Among those who performed were Abaki Simba, with the headliners being the
lovely Labdi Ommes and Idd Aziz accompanied by the masterful Michel Ongaro on acoustic
guitar.
Diamond
Beach also organized the Saturday ‘Sunset Sail’ for the visual artists on five traditional
dhows that presented a picturesque finale for the painters. The dhows landed
finally on Manda Island where the hotel provided pizza and a dance party till
the wee hours of the festival’s final day.
But it was
still Herbert Menzer, the German philanthropist and original master mind of both
[Painters and Arts] Festivals who introduced the biggest changes to the Arts
program. First off, he expanded the number of Kenyan artists attending the
three week art residency, also known as the Painters Festival.
Among those
who came were several who’d attended past festivals like Nadia Wamunyu, Zihan
Kassam and Fitsum Berhe Woldebianos. But in addition, Peter Ngugi, Boniface
Maina, Waweru Gichuhi, James Njoroge and Dale Webster also came and painted to
their heart’s content.
Several
local Lamu-based artists took part and exhibited their works in the Lamu Fort,
including more than a dozen young painters from Anidan orphanage who’d been beneficiaries
of an art education program funded by the African Arts Trust which has enables
established Kenyan artists to come spend a month at Anidan teaching kids how to
paint and draw.
The children’s
art was downstairs while most of the Kenyan and European figurative artists’ works
were showcased upstairs, filling the walls with fresh, sun-kissed views of the island—everything
from dhows, donkeys and fishermen to colorful sunrises, sunsets, seafronts, and
particularly people, be they children, ‘wazees’ or workers like the coral and
limestone carriers being carved into larger-than-life sculptures shaped by the
German sculptor Joachim Sauter.
Sauter’s
five brawny carriers were on display downstairs in the open-air courtyard inside
the Fort together with mainly works by artists who’d introduced a whole new
component to the festivities. For this year, Herbert chose to invite several conceptual
and experimental artists from abroad to participate in a six-week art residency
in Lamu.
“I think
Herbert invited us to work for six weeks [rather than three] because he knew
conceptual art can take more time,” suggested the Portuguese artist Juliana
Bastos Oliviera who had come from Hamburg, Germany as did two other conceptual
artists, Marc Einsiedel and Felix Jung. The rest were either from Holland (Eveline
van der Griend), Germany (Hartmut Beier), Russia (Svetlana Tiourina) or Belarus
(Ekaterina Mitichkina).
All seven
reflect a significant shift in Herbert’s focus, given that previously, his
singular support had been for the so-called ‘plein air’ (open air, outdoor)

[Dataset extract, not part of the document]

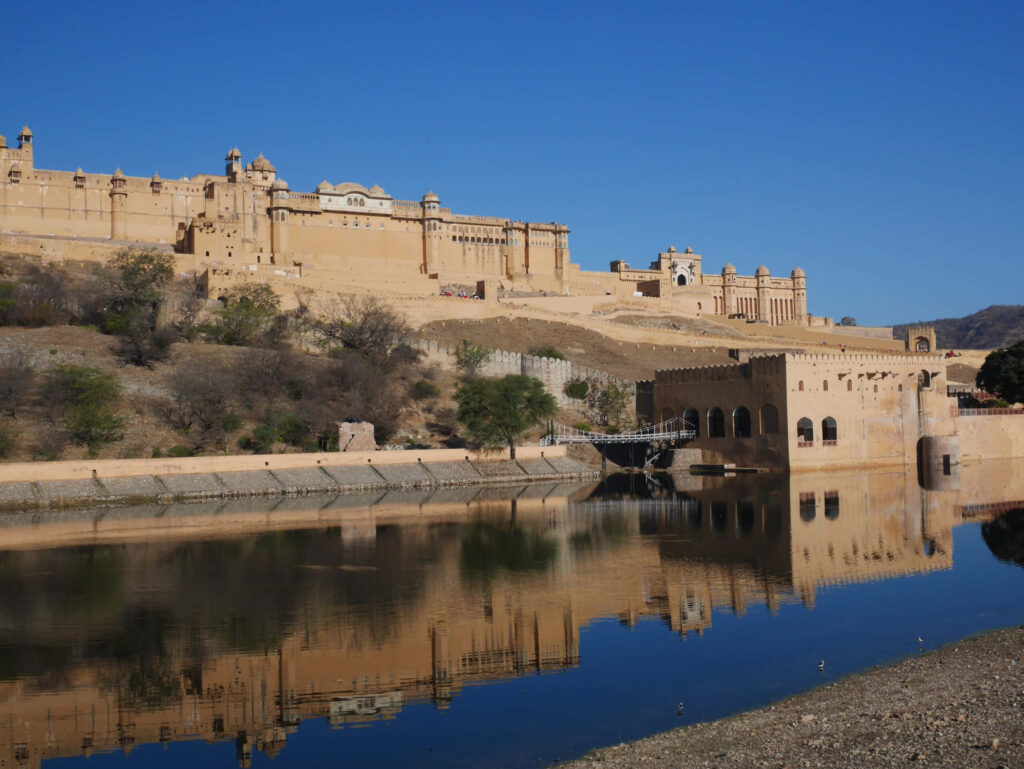Amer Fort majestic architecture reflected in tranquil lake under clear blue sky wallpaper background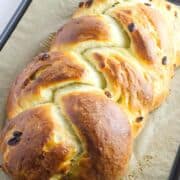 baked challah with raisins on a baking sheet.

painters, the kind who frequent the summer painters festivals found in Europe
and which inspired him to introduce a similar festival to what’s become his
second home, the fishing village of Shela in Lamu. At the same time, his
initial design was to also introduce European artists to the serene beauty of
Lamu.
He’s still
clearly committed to both sharing Shela and promoting tourism in Lamu since he’s
sensitive to how the local people have suffered from the Western ‘travel alerts’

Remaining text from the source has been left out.